In the end, it was math that got it done. The sellers got that as the biggest surface in the main room, walls make an immediate and large statement. And because the house had been so well maintained, all it took was 2 coats of a new color on the walls (that is, no trim/moldings/ceiling). Cost less than $1000, got it done in a day, and netted $85K over ask.


Photos from TRH archives
5. Tech, Social Media, and the Media
Our love/hate affair with tech continues. The trajectory had been one of expanding acceptance, then the AI boom gave us pause. At this writing, it remains to be seen if the recent bunnies on trampoline debacle may have pushed many back into just not believing what they don’t see or can’t touch.
Regardless, the appropriate and successful use of tech and social media will always, always come down to who will be consuming it. But because everyone has different comfort levels with tech and all the platforms, it is with gentle font I remind agents and sellers put their own personal preferences aside, and keep the focus on what the likely buyer will respond to.
Buyers expect images. In our market, professional photos, floor plans, videos/virtual tours are standard. Virtual staging still elicits a mixed response. Understandable, as there are a lot of moving parts:
- Our MLS requires virtual staging to be noted in the listing description; the reality is buyers don’t read. At least not til after they’ve formed opinions on the photos they see.
- Also, most people who do the actual virtual staging work are just working off the photos. If it’s a standard floor plan, that usually works out.
But if its a funky unicorn type of house like this one was, and rental furniture wasn’t even Plan B, you’ve got to roll with it.
Set in the woods of northern Westchester, it took some time to understand it during my first walk-through. Empty, the main level was an open floor plan, with one set of finishes throughout. The buyer pool was already narrow for this unusual house; we needed to further engage the intrigued and the curious.

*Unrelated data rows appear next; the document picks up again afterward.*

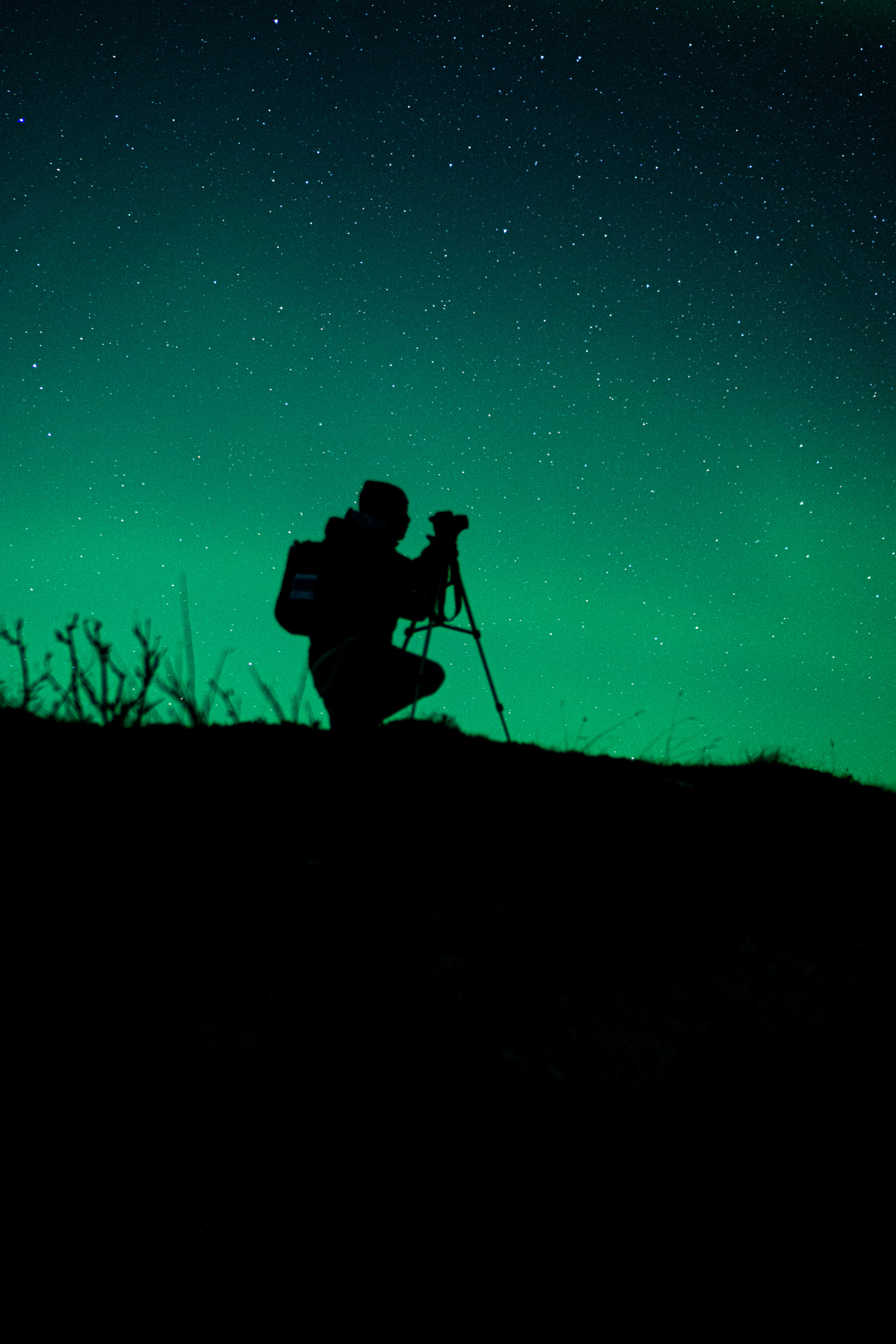 A photograhpher setting up to photograph the Aurora Borealis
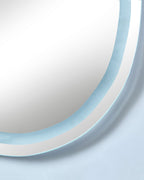 Close-up of an organic-shaped LED mirror with a cool white illuminated edge.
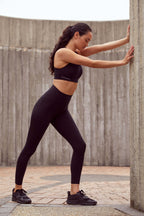 woman in black sports bra and leggings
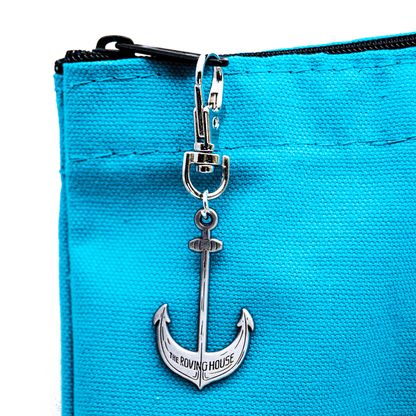 A close up of the ship's anchor shaped zipper pull on the turquoise tote bag. Small text on the anchor reads "The Roving House".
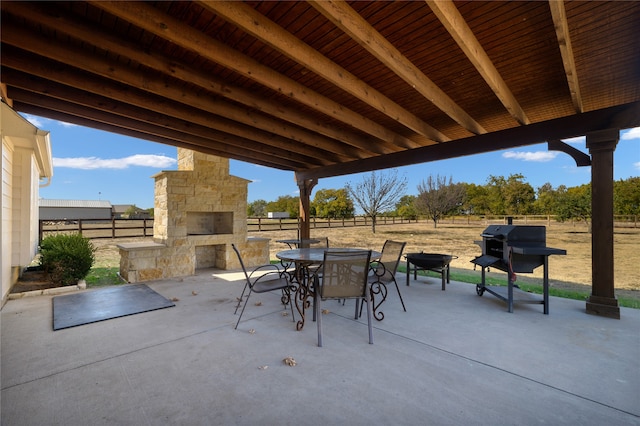 view of patio featuring a rural view, grilling area, and an outdoor stone fireplace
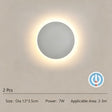 White eclipse LED wall light with touch control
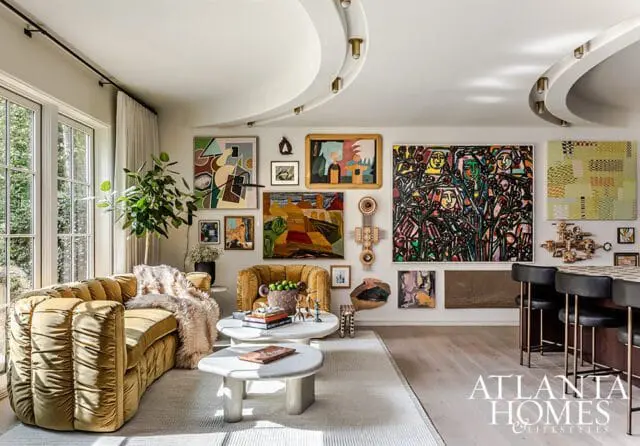 Living room with mustard yellow tufted sofa, abstract art collection on walls, and a curved ceiling with track lighting. A bar area with black stools is visible on the right.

Rental furniture was Plan B. Plan A was virtual staging, styled by The Refreshed Home, as shown above. Virtual staging techs don’t ever see the actual space. OK for an expected floor plan, but they’d have no clue what to do here.


Photos courtesy of Mark Boyland Keller Williams Realty
TRH doesn’t do actual virtual staging. But if you’ve got an unusual or unexpected space that needs to function or furniture placement defined for you or your tech, give us a call!
Working directly with techs, we ensure placement, scale, function, flow, aesthetics, and vibe all line up with both interior and exterior of these unicorn-type properties. Several other factors still made this house a tough sell, but we got it done. Happy buyers, happy sellers, and everyone got on with the rest of their lives.
6. Market, Price, and Competition
Real estate is local. Loosely that means from hyper-local to national, even global- there are a gazillion inter-connected things that affect how buyers will see your house and perceive its value.
Real estate can be part sport, part entertainment. It can quickly also be as scary as hell with enormous financial implications. Sellers trust me, you don’t know what you don’t know. Having a smart and trusted local agent on your side to translate, prioritize, run interference, put everything in perspective and just get it done supersedes any other recommendation.
Good market or bad, demand has always outstripped inventory here in Westchester County. This, plus easy access to lots of data can fuel all sorts of buyer and seller, ummm…fantasies.
If you’re serious about buying or selling, the knowledge and expertise of a local, committed agent tops all your home finder apps, what worked for you last time, what your neighbor did last year, and what your sister thinks, combined. Just sayin’.